== Segment start ==
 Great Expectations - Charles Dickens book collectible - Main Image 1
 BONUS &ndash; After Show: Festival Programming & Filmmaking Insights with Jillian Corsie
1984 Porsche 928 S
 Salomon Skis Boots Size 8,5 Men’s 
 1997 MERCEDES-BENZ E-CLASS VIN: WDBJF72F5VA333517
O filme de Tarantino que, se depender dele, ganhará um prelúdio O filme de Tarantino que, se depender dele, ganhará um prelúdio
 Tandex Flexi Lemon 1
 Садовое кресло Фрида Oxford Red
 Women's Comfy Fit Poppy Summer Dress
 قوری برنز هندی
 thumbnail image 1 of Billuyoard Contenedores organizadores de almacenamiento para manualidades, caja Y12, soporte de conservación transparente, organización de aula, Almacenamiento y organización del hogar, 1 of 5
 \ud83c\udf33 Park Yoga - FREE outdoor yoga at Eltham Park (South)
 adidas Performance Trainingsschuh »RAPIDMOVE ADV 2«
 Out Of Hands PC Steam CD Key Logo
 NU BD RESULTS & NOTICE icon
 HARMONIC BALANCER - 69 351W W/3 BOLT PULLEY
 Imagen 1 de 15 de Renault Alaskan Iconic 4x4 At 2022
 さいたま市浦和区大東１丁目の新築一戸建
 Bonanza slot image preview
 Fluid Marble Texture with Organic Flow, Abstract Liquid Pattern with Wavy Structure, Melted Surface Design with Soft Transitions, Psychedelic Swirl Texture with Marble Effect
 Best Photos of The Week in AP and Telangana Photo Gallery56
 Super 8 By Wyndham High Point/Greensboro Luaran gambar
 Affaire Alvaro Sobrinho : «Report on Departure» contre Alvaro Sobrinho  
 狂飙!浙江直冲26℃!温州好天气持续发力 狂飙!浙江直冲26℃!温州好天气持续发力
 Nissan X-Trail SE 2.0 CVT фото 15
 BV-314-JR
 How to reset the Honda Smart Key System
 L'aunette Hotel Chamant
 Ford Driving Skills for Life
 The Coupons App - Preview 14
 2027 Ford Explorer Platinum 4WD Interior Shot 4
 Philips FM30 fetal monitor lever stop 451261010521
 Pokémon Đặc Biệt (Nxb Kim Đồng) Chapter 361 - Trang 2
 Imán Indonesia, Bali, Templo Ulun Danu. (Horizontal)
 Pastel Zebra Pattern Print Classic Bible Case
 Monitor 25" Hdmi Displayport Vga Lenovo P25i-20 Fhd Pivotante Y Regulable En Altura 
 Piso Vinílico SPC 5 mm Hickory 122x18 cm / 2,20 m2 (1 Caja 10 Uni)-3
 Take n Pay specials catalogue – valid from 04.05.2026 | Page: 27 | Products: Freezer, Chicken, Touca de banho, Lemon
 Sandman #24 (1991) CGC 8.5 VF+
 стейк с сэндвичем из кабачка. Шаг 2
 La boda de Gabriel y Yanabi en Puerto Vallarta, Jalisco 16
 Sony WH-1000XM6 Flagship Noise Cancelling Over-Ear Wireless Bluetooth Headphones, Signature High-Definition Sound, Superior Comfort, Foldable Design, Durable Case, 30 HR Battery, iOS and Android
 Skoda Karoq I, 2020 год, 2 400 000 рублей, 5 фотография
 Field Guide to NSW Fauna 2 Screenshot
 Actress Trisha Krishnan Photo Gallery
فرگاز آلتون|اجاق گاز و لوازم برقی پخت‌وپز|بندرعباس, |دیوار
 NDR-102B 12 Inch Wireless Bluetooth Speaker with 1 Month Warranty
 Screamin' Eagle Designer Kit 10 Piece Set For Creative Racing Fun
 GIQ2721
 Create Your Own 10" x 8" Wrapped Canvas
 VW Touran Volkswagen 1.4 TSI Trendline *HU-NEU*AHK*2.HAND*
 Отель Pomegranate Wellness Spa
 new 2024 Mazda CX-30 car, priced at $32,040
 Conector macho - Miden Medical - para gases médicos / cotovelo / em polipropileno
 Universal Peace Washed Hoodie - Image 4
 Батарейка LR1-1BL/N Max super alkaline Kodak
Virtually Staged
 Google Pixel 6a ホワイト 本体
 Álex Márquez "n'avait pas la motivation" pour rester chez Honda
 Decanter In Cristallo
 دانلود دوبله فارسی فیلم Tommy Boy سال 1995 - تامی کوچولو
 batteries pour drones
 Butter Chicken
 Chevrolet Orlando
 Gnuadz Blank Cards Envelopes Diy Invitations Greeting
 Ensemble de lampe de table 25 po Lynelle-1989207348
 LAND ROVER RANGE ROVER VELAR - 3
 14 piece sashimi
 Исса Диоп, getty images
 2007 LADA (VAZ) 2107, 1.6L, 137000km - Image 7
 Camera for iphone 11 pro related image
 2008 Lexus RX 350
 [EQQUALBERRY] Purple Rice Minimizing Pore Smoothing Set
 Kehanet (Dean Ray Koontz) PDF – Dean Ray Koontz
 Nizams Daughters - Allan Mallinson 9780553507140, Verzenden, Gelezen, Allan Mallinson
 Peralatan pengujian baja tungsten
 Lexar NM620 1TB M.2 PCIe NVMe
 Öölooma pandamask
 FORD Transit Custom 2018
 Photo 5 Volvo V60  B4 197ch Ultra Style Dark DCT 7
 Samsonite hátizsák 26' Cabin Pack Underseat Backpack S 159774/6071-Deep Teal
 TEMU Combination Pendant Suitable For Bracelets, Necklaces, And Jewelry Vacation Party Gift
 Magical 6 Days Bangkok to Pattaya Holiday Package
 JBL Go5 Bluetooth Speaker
== Segment end ==
Which lines of the listing contain the string "with"? Copy each of them.

 BONUS &ndash; After Show: Festival Programming & Filmmaking Insights with Jillian Corsie
 Fluid Marble Texture with Organic Flow, Abstract Liquid Pattern with Wavy Structure, Melted Surface Design with Soft Transitions, Psychedelic Swirl Texture with Marble Effect
 NDR-102B 12 Inch Wireless Bluetooth Speaker with 1 Month Warranty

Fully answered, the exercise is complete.